## [What to work on]
What is needed is an exact transcription of every record, minus the pictures.
§
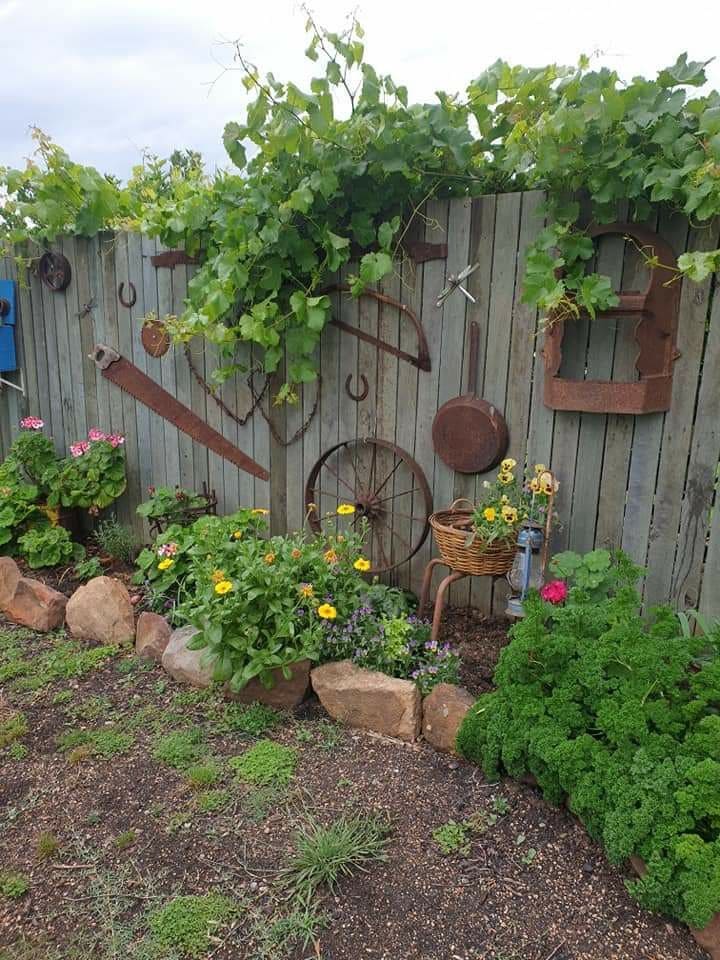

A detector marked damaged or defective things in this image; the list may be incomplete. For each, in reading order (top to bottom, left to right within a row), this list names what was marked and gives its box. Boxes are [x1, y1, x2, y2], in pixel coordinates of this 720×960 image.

rusty metal bracket [118, 282, 136, 308]
rusty metal bracket [150, 249, 197, 268]
rusty hand saw [91, 344, 268, 480]
rusty metal bracket [91, 344, 268, 484]
rusty crosscut saw [90, 344, 270, 480]
rusty metal tool on fence [90, 344, 270, 484]
rusty metal bracket [344, 368, 368, 398]
rusty metal frame [324, 282, 430, 372]
rusty metal bracket [324, 284, 430, 374]
rusty metal bracket [404, 242, 444, 264]
rusty frying pan [430, 320, 510, 474]
rusty metal frame [544, 223, 680, 414]
rusty wagon wheel [306, 438, 434, 572]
§
## [Expected answer]
A detector marked damaged or defective things in this image; the list may be incomplete. For each, in reading order (top to bottom, left to right within a row), this list names what was marked and gives its box. Boxes are [x1, y1, x2, y2], in pixel coordinates of this 720×960 image.

rusty metal bracket [118, 282, 136, 308]
rusty metal bracket [150, 249, 197, 268]
rusty hand saw [91, 344, 268, 480]
rusty metal bracket [91, 344, 268, 484]
rusty crosscut saw [90, 344, 270, 480]
rusty metal tool on fence [90, 344, 270, 484]
rusty metal bracket [344, 368, 368, 398]
rusty metal frame [324, 282, 430, 372]
rusty metal bracket [324, 284, 430, 374]
rusty metal bracket [404, 242, 444, 264]
rusty frying pan [430, 320, 510, 474]
rusty metal frame [544, 223, 680, 414]
rusty wagon wheel [306, 438, 434, 572]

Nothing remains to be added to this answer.